Sunday, April 7, 2013

Kampala


A grab bag of memories from my time in the dirt-red city.

Weekday nights, we played basketball until dusk, and played harder as the sun sank lower -- cut hard, crashed hard, ran harder -- not because of the competition, or because of pride, but because if we ever took a play off and just stood on the court, watching everybody else move, the mosquitoes would alight on us and start sucking. Playing hard meant no sucking.

A graduation party for a white man, in the front yard of a black man’s house. The torches lit up with electronic orange embers. There was a whole goat, he said. We’re roasting it all. When it arrived on everyone’s plate, the meat was charred black – at least it looked that way in twilight – and so tough that chewing wasn’t possible. Rather, it sat in the pocket of one’s mouth, stewing in saliva, subjected to periodic attempts at mastication.

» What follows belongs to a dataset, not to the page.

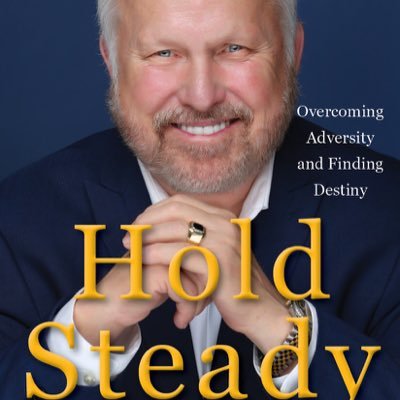 Profile Picture of Lawrence Kennedy (@DrLKennedy) on Twitter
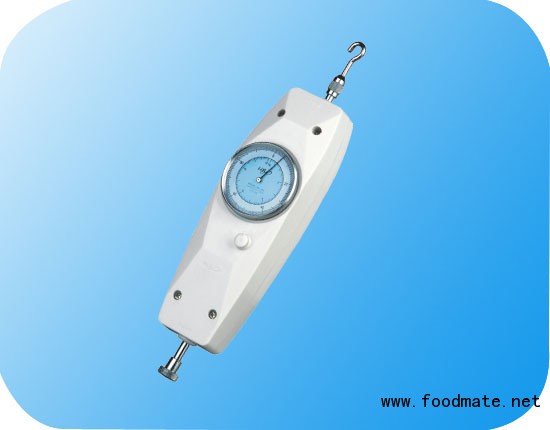 NK系列指針式推拉力計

It was a celebration, I think, of Australia Day. What that meant I’m still unsure of. But on the rooftop in Ntinda, we saw the Nakasero hills, dotted with evening lights, before darkness swept over the sky, and then all there was to look at was an inflatable pool in the middle of the rooftop, plastic and rubbery and drained of almost all its water. There was maybe 12 inches left. It’s a party, right? Want to step in, wet your feet? Why not? As we ate hot dogs and hamburgers and talked vermiculture, the guests radiated outwards, towards the edges of the roof. 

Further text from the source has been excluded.